» Data items:
►

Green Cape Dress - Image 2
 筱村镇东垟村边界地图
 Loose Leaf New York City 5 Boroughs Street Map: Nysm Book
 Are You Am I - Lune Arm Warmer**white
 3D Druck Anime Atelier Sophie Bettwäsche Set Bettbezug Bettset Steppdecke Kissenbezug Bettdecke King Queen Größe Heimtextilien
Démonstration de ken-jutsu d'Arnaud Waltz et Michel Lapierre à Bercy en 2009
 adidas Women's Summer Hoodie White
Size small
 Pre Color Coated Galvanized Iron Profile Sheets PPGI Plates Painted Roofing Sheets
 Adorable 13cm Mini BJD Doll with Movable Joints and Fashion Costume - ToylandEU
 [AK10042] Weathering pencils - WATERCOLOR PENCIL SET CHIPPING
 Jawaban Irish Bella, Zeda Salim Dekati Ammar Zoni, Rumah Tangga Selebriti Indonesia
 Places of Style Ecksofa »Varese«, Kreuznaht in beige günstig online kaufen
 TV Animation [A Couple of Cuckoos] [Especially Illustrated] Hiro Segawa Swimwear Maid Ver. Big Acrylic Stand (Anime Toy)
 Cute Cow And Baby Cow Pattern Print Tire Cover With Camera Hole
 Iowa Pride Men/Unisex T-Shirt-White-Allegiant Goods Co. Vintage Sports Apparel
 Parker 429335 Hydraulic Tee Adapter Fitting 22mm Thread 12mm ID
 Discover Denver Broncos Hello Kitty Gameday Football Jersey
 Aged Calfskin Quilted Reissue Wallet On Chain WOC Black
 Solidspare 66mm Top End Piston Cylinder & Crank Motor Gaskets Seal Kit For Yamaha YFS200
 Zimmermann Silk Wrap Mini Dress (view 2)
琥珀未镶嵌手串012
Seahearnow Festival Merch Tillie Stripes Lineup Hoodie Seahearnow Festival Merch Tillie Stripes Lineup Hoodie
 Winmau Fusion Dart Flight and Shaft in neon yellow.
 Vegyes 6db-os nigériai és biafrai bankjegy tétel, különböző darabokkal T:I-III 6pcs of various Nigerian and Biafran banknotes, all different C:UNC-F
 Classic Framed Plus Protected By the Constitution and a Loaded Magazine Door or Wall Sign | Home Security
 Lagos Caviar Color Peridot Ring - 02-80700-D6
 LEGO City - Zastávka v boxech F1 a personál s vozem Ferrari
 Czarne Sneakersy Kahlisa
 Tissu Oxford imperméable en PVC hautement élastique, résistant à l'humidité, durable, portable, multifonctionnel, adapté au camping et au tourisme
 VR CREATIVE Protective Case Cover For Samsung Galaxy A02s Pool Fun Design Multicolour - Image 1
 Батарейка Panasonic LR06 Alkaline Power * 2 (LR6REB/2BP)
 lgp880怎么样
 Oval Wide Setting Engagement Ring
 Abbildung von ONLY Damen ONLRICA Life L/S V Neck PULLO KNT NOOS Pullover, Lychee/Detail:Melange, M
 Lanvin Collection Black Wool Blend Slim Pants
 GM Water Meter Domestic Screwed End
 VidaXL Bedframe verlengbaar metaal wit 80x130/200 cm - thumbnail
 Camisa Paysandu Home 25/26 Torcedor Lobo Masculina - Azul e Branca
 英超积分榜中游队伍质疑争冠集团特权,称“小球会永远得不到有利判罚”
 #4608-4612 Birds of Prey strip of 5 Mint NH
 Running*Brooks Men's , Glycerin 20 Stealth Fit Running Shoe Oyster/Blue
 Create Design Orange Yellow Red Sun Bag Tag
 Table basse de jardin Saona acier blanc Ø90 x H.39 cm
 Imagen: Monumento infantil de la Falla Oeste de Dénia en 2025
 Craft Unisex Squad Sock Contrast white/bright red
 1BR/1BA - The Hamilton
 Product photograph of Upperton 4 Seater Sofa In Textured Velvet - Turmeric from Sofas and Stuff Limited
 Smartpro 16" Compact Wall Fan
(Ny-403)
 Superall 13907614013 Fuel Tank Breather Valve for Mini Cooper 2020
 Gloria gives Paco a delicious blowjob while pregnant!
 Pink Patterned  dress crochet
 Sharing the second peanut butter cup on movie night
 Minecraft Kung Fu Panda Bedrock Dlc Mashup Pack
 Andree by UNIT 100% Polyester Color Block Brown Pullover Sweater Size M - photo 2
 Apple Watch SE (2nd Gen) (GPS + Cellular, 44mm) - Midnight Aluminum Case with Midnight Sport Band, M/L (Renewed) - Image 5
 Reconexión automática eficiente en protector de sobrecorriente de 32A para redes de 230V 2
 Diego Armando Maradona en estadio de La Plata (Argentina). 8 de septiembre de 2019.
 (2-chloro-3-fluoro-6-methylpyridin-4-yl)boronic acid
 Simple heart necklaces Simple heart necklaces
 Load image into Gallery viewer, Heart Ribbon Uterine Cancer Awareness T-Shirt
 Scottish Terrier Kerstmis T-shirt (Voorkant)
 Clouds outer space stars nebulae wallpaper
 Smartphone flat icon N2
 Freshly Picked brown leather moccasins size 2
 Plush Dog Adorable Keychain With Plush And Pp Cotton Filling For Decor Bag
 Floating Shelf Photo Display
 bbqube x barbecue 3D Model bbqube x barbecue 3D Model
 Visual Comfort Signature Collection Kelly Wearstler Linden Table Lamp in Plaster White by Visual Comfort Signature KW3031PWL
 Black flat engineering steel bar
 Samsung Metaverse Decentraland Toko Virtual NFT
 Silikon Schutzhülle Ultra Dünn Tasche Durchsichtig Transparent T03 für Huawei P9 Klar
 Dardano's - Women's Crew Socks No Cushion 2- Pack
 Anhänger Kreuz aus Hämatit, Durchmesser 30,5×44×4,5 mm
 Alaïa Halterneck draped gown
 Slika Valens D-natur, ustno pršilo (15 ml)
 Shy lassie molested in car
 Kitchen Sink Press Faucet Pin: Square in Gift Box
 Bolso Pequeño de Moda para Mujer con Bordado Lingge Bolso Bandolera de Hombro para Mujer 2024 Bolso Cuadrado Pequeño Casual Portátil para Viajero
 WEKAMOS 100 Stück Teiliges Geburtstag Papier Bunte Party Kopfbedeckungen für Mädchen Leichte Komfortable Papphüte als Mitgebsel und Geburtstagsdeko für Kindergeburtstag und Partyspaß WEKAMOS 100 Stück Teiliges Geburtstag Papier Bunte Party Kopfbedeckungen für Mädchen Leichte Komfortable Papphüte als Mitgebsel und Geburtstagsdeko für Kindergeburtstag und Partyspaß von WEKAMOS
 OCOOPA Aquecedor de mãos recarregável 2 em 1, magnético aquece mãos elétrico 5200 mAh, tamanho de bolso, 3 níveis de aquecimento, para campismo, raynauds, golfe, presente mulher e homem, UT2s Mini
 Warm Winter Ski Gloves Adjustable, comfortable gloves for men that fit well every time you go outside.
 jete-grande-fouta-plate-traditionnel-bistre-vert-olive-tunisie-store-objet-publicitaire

◄

» TASK TO COMPLETE:
Where the data above reaches the line holding "Minecraft Kung Fu", begin printing, and stop after the line holding "Reconexión automática eficiente". Each line must be reproduced exactly, with nothing else added.

» OUTPUT OF THE EXERCISE:
 Minecraft Kung Fu Panda Bedrock Dlc Mashup Pack
 Andree by UNIT 100% Polyester Color Block Brown Pullover Sweater Size M - photo 2
 Apple Watch SE (2nd Gen) (GPS + Cellular, 44mm) - Midnight Aluminum Case with Midnight Sport Band, M/L (Renewed) - Image 5
 Reconexión automática eficiente en protector de sobrecorriente de 32A para redes de 230V 2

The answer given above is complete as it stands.